Ember is intended as a straightforward, general, and extensible programming model. It’s aspirationally minimal, inspired by JAX, of which several of us were early users at Google Brain. All that Ember’s core Operator programming model does is (I) mandate a specific delineation of the input/output specification and (II) allow users to write arbitrary logic in the forward method of an operator.

From there, each Operator is registered as a PyTree, allowing it to be composed into larger structures and wrangled via arbitrary transforms, jitted, vmapped, etc, and natively converted into Ember’s xcs graph IR, represented as a “plan” that can then be optimized. Given an IR, users can apply sophisticated or custom scheduling logic. The simplest form of scheduler takes a large xcs graph, and flattens and runs it via topological sort with parallel dispatch at the API calls / IO-level. From there, we’ve seen more frontier work on custom scheduling logic that is query-aware (with native router integration), rate-vs-token limit aware, or hardware-resource aware, and beyond. Contributors plan to submit these in the near future.

For detailed documentation and examples for building compound AI systems with Ember, check out the Ember codebase on GitHub.

Conclusion

Ember is attempting to contribute to the networks of networks (NON) era what PyTorch and JAX contributed to the neural networks (NN) era. We look forward to seeing what you build with it!


Addendum: What about
AI Agents?

The connections between Ember and the theme of “AI agents

Some early contributors have called Ember an AI agent framework. We have found that this term possesses many disparate meanings, so we seek to explain our definition.

In our minds, an AI agent is simply characterized by its agency or capacity to
take action. This is more of the canonical RL definition of an agent[2], which defines an agent by its possessing goals, its ability to perceive/sense aspects of its environments, and its capacity to choose actions to influence its environments.

The definition of an agent can be separated from the properties/desiderata that we seek in a useful or effective agent.

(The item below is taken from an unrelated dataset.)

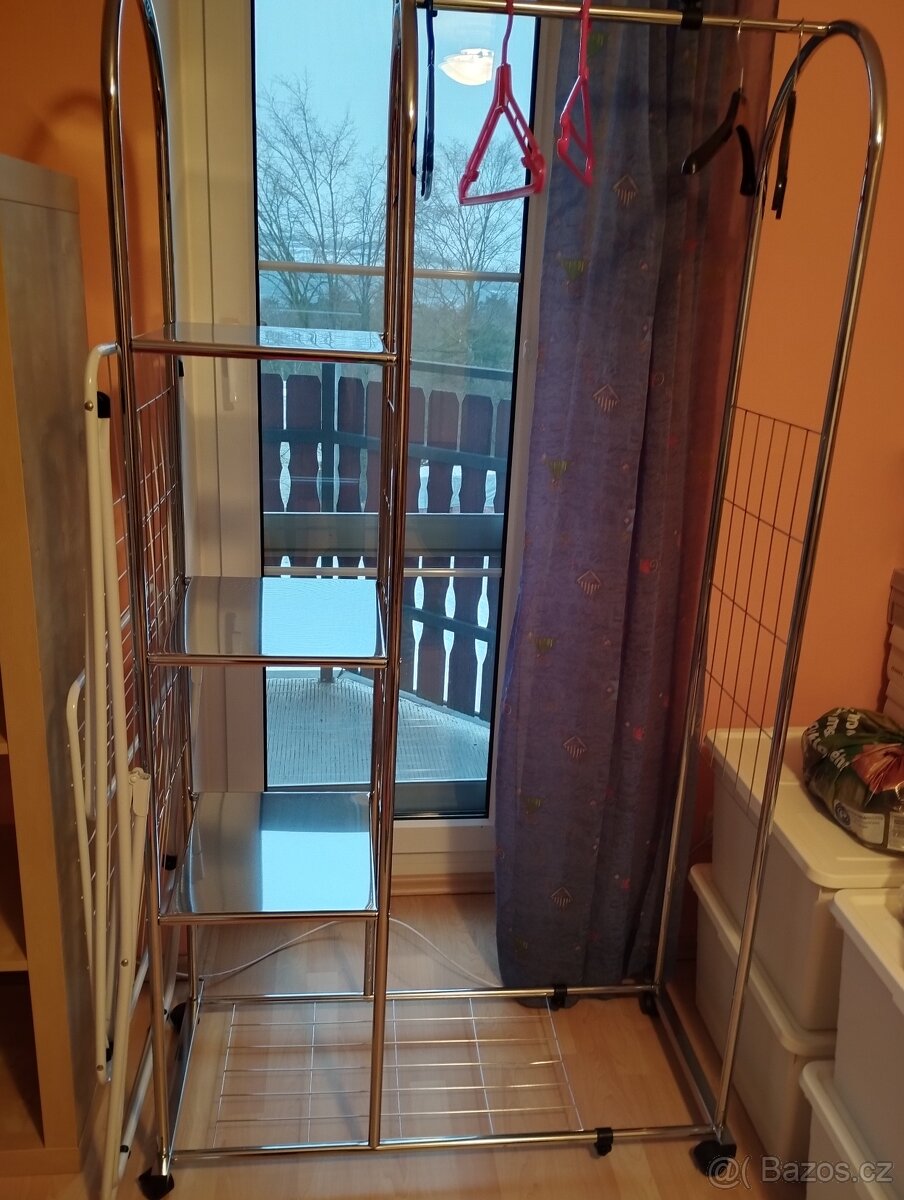 nerezový věšák s policemi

Under this definition, an agent's action determination can be undergirded by a single monolithic text-to-action inference call from a Large Action Model, or it can be constituted as a compound AI system empowered by explicit tool-use modules, enhanced by access to a memory-system, and/or fortified by many calls arrayed in static or dynamic NON structures.

The emerging science around
compound AI systems is thereby deeply entangled with, but definitionally orthogonal to, the emerging engineering discipline around AI agents.


[1] via routing and using networks of small models

[2] distinct from the useful definitions put forth by Anthropic, Lilian, and others.